- Exercise goal:
Only the stretch below from the line holding "NG TARCZA HAMULCOWA" through the line holding "140 nadadores retarán" should be restated, word for word and with both ends included; pictures stay out.

- Record extracts:
_ _ _ _ _

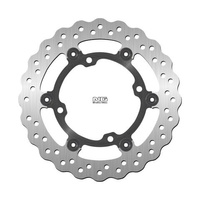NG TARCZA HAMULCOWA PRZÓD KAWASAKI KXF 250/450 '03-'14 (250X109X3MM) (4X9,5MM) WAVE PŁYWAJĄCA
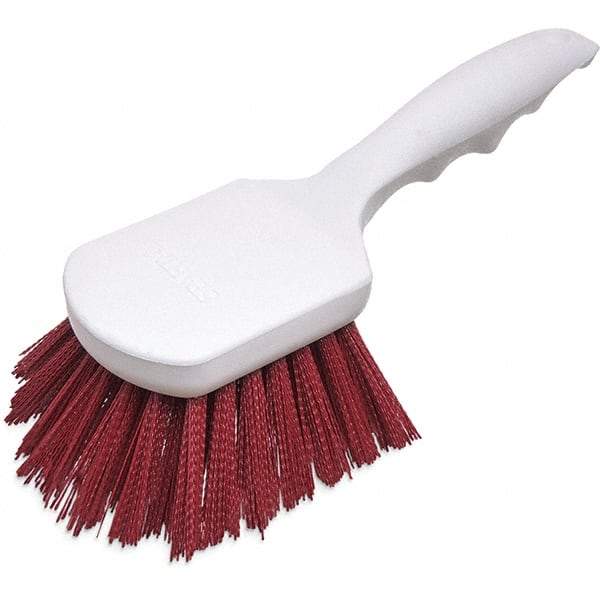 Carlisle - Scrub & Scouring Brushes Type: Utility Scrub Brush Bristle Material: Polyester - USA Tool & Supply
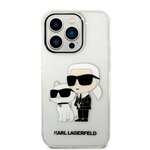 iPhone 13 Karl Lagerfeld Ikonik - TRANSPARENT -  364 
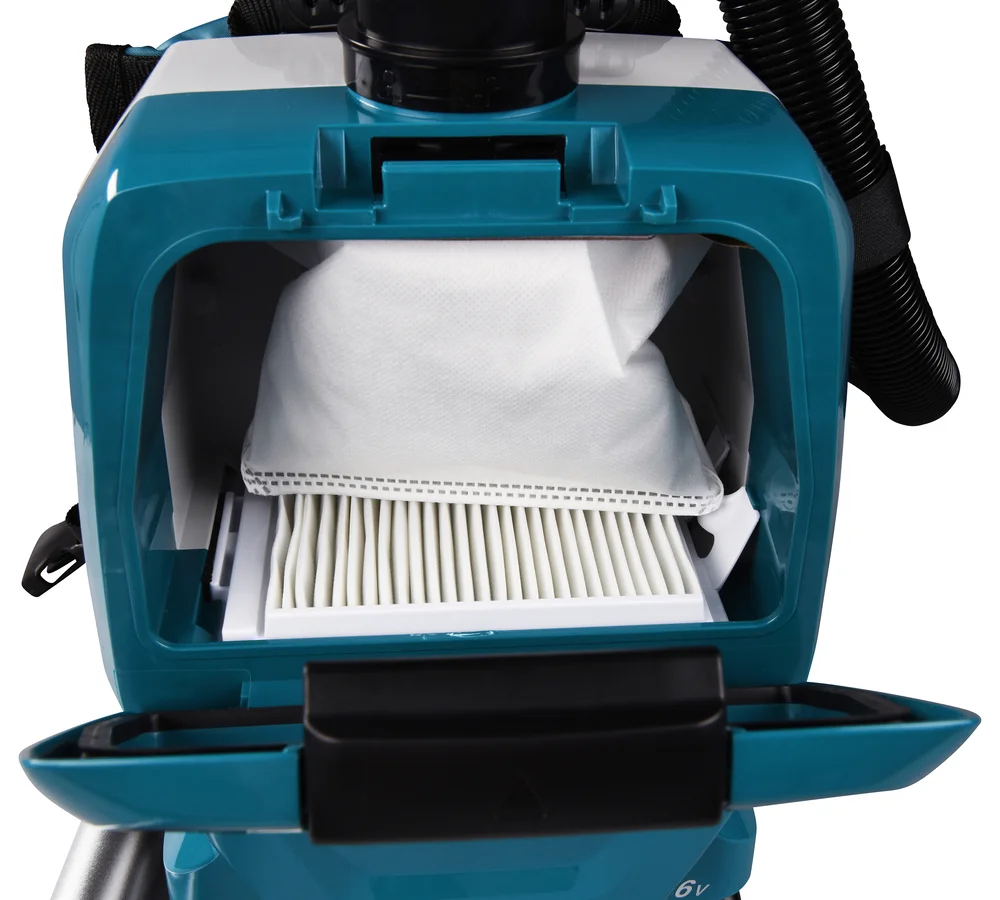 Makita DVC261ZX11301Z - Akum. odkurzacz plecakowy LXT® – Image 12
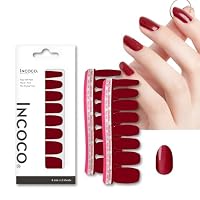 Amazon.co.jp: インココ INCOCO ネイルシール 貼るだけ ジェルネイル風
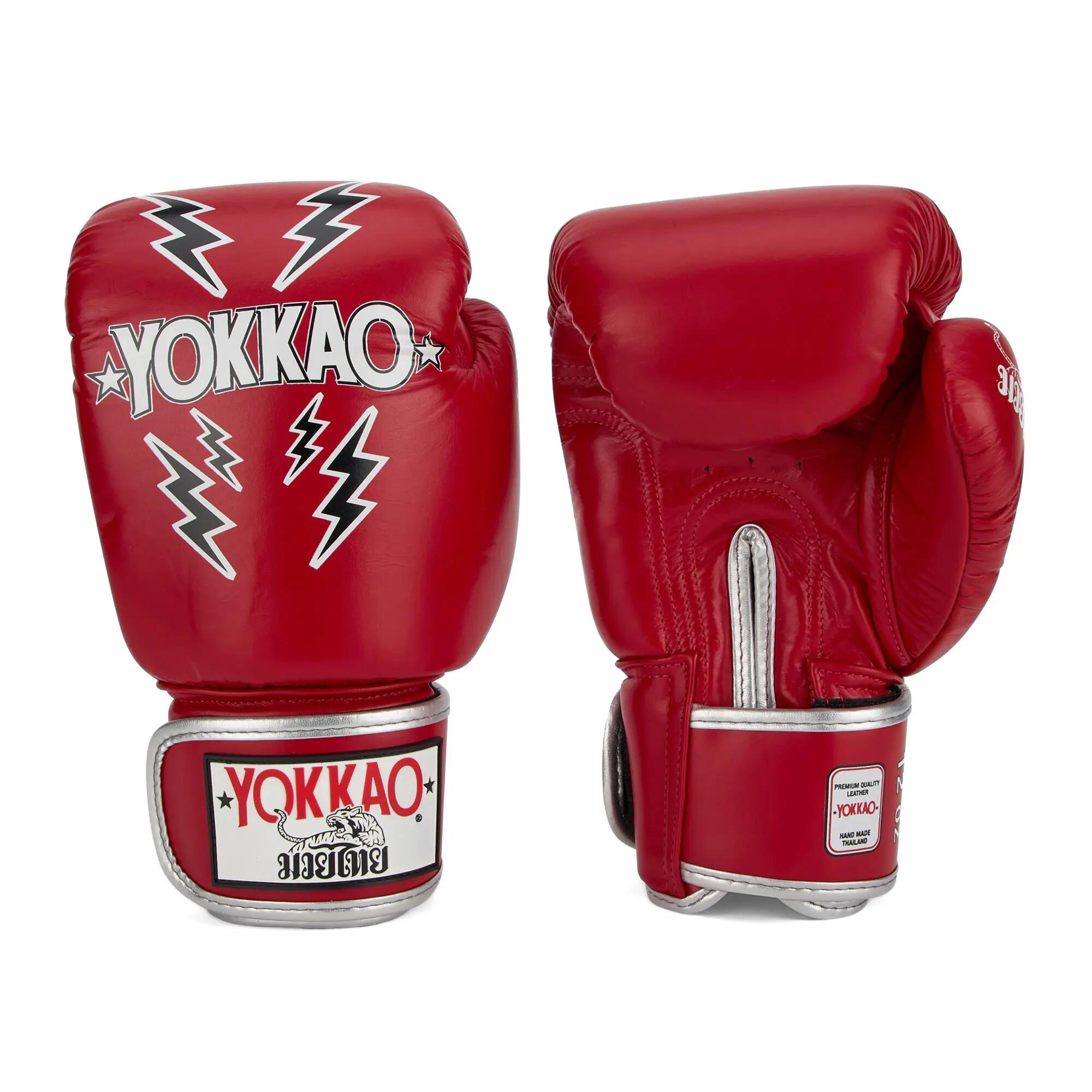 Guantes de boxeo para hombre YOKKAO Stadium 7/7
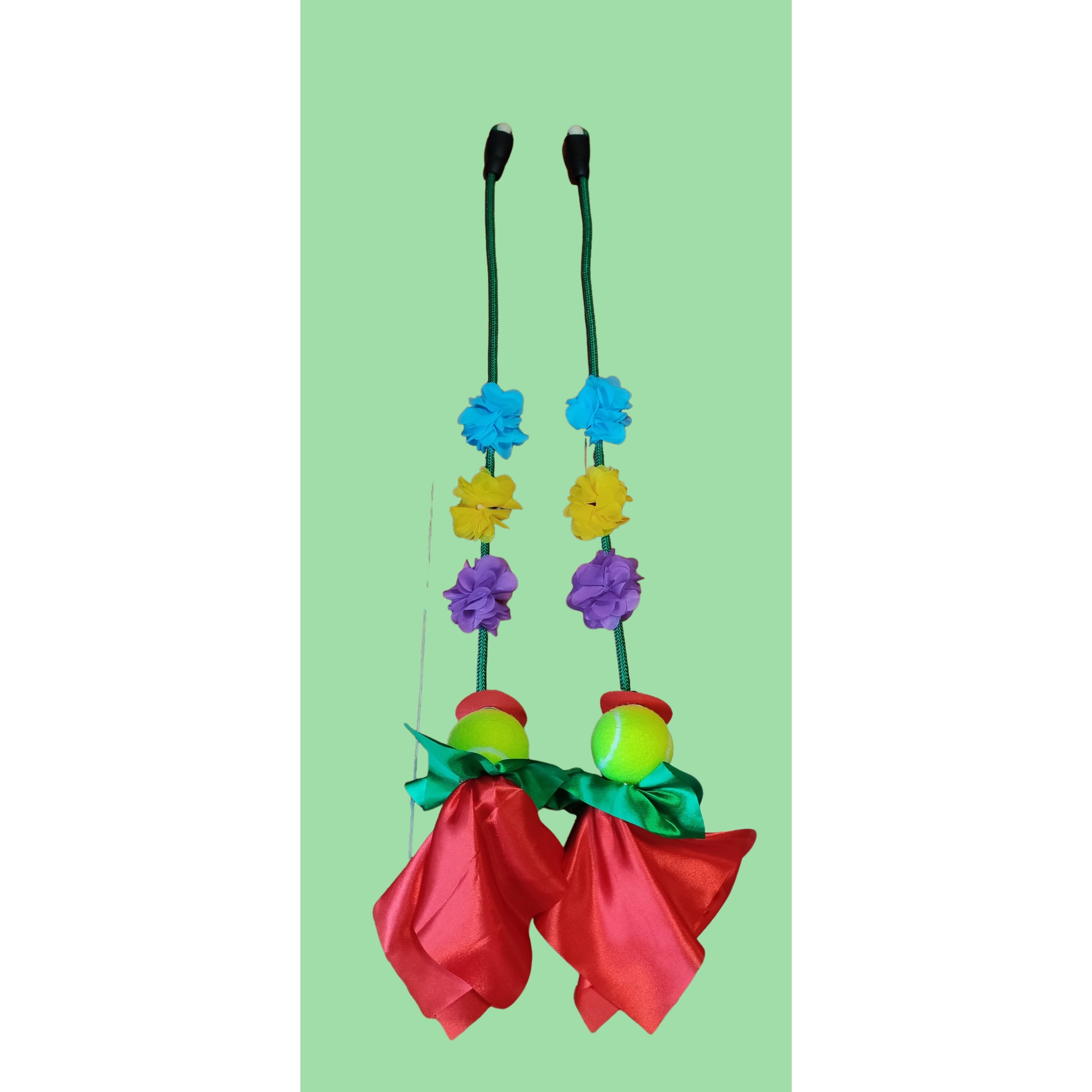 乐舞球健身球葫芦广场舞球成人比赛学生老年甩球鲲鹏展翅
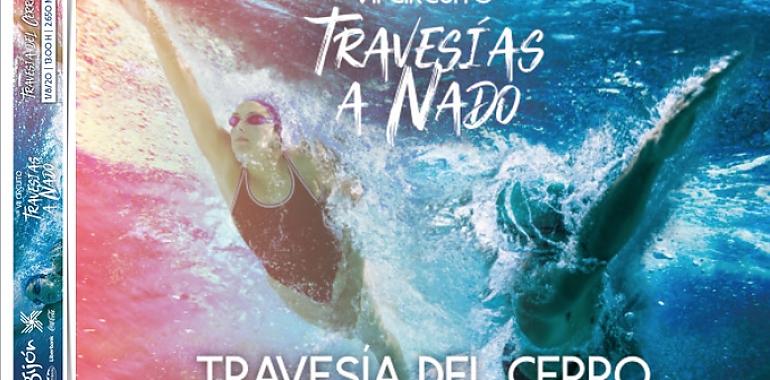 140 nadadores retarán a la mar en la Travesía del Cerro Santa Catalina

_ _ _ _ _

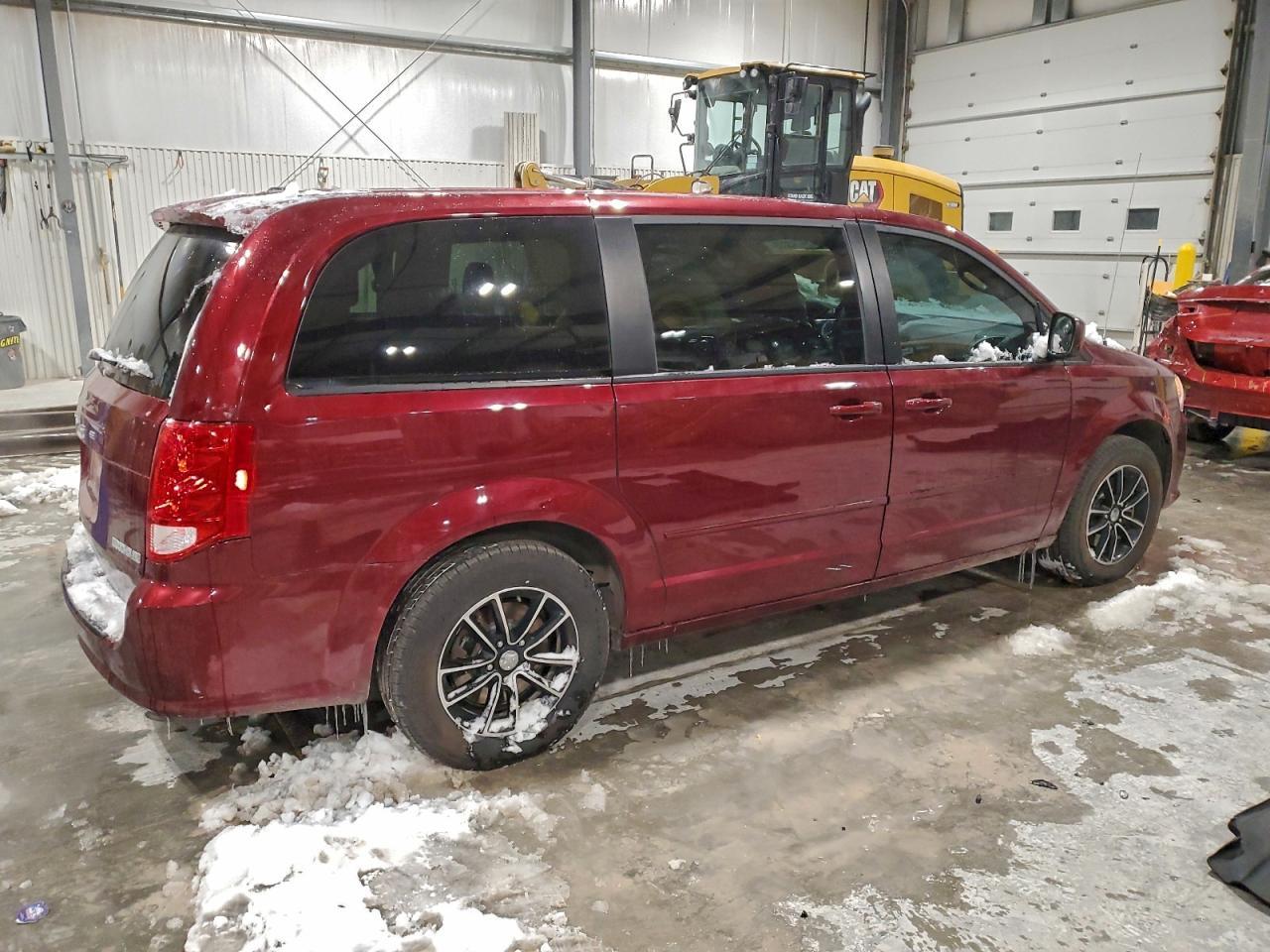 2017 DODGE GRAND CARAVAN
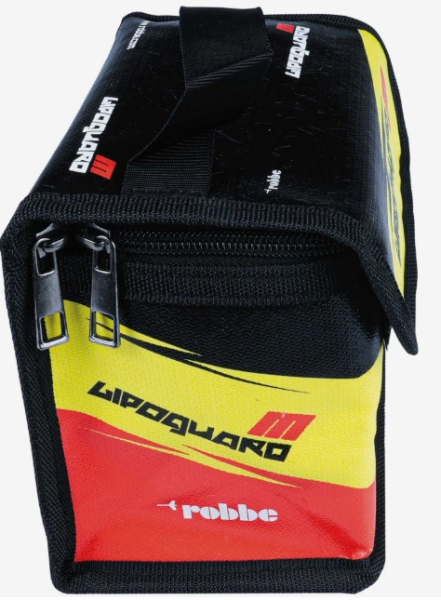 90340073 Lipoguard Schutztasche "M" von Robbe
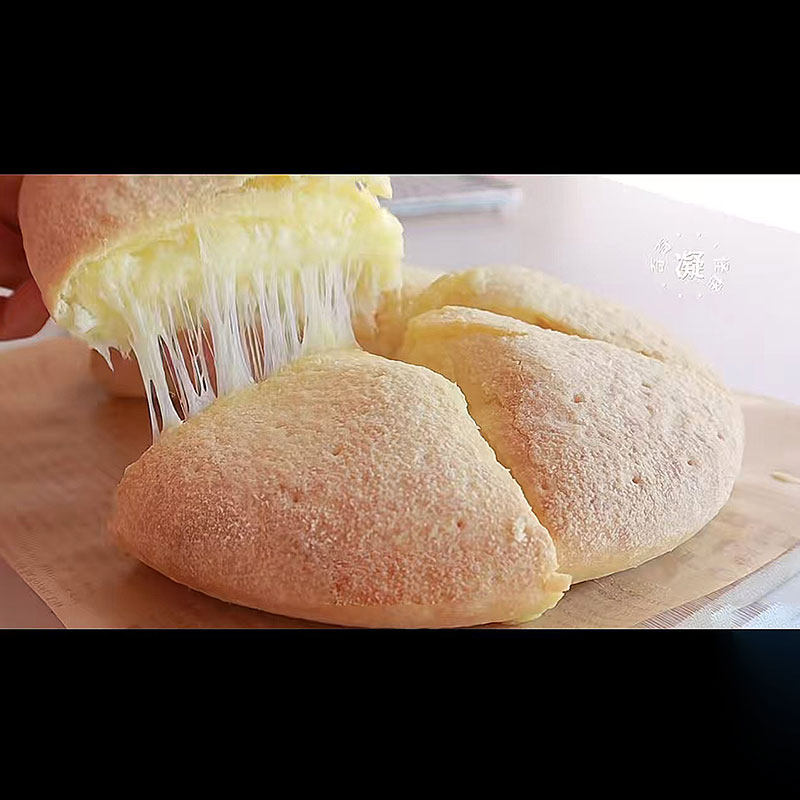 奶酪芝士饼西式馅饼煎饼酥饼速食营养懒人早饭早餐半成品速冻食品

_ _ _ _ _

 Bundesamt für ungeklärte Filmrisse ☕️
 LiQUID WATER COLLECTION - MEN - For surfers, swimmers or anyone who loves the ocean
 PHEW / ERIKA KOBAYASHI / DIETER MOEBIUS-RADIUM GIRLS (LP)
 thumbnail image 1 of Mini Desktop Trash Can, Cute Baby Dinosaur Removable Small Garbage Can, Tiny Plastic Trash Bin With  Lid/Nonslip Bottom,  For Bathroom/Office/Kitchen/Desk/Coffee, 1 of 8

_ _ _ _ _

- Result of this exercise:
NG TARCZA HAMULCOWA PRZÓD KAWASAKI KXF 250/450 '03-'14 (250X109X3MM) (4X9,5MM) WAVE PŁYWAJĄCA
 Carlisle - Scrub & Scouring Brushes Type: Utility Scrub Brush Bristle Material: Polyester - USA Tool & Supply
 iPhone 13 Karl Lagerfeld Ikonik - TRANSPARENT -  364 
 Makita DVC261ZX11301Z - Akum. odkurzacz plecakowy LXT® – Image 12
 Amazon.co.jp: インココ INCOCO ネイルシール 貼るだけ ジェルネイル風
 Guantes de boxeo para hombre YOKKAO Stadium 7/7
 乐舞球健身球葫芦广场舞球成人比赛学生老年甩球鲲鹏展翅
 140 nadadores retarán a la mar en la Travesía del Cerro Santa Catalina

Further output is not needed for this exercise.